Il a raconté bien avant ses Mémoires, dans une curieuse préface, que ses sentimens religieux n’avaient pas toujours été ce qu’ils étaient : « Je pourrais en rejeter la faute sur ma jeunesse, sur le délire des temps, sur les sociétés que je fréquentais; mais j’aime mieux me condamner. Je dirai seulement les moyens dont la Providence s’est servie pour me rappeler à mes devoirs. » Sa mère, jetée à soixante-douze ans dans les cachots, avait vu périr une partie de ses enfans. Elle expirait sur un grabat où ses malheurs l’avaient reléguée. Elle avait chargé, en mourant, une de ses filles, Mme de Farcy, de rappeler son frère à la religion dans laquelle il avait été élevé. Sa sœur lui manda le dernier vœu de leur mère. Quand cette lettre lui parvint à Londres, Mme de Farcy elle-même n’existait plus ; elle était morte des suites de son emprisonnement, « Ces deux voix sorties du tombeau m’ont frappé. Je suis devenu chrétien. Je n’ai point cédé, j’en conviens, à de grandes lumières surnaturelles : ma conversion est sortie du cœur; j’ai pleuré et j’ai cru. » Tel était l’état d’esprit dans lequel il se trouvait en Angleterre lorsqu’il composa le Génie du christianisme ; il avait livré à l’impression le premier volume. Mais Fontanes et Joubert le déterminèrent, rentré de l’émigration, à refondre le sujet en entier; c’était aussi l’opinion de Mme de Beaumont. Si elle était trop française pour être mystique, elle était trop intelligente pour ne pas comprendre l’importance sociale d’un pareil ouvrage. Son changement de position, plus de bonheur, et le spectacle de la société française renaissante, avaient d’ailleurs fait naître chez Chateaubriand des idées nouvelles. Enfin (et le mot est de lui) on ne peut écrire avec mesure que dans sa patrie.

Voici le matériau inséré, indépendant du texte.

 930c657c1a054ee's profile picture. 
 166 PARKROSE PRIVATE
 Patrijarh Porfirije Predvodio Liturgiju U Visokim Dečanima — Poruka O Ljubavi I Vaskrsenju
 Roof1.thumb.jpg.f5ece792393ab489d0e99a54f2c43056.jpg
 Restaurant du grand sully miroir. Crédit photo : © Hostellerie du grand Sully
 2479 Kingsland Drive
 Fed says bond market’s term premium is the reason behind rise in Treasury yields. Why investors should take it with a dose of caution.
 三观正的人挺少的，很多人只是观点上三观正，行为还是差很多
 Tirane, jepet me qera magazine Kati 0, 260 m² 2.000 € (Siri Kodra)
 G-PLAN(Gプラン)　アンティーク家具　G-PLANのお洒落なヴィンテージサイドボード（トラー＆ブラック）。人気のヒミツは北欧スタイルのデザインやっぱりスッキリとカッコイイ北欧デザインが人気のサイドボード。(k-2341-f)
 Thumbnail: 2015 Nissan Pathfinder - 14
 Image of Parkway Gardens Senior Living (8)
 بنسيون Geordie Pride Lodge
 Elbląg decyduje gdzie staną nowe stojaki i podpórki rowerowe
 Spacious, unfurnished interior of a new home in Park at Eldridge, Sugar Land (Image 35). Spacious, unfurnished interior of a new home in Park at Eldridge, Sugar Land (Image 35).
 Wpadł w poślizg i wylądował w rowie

Il était en veine de travail ; les événemens conspiraient pour donner de l’actualité à son ouvrage. Les astres étaient favorables. Mais il fallait près de Paris un coin paisible, loin des importuns ; il fallait le silence et la fidélité de l’ombre. Alors l’inspiration, après la lecture des livres essentiels à consulter, reviendrait vite. Cette solitude, Mme de Beaumont la trouva, et elle la partagea avec René.


III.

Elle loua à Savigny, pour sept mois, une maison appartenant à M. Pigeau. Cette maison a passé ensuite entre les mains de M. Roret, l’éditeur des Manuels. Située à l’entrée du village du

  1. Première édition du Génie du christianisme; Migneret, 1802.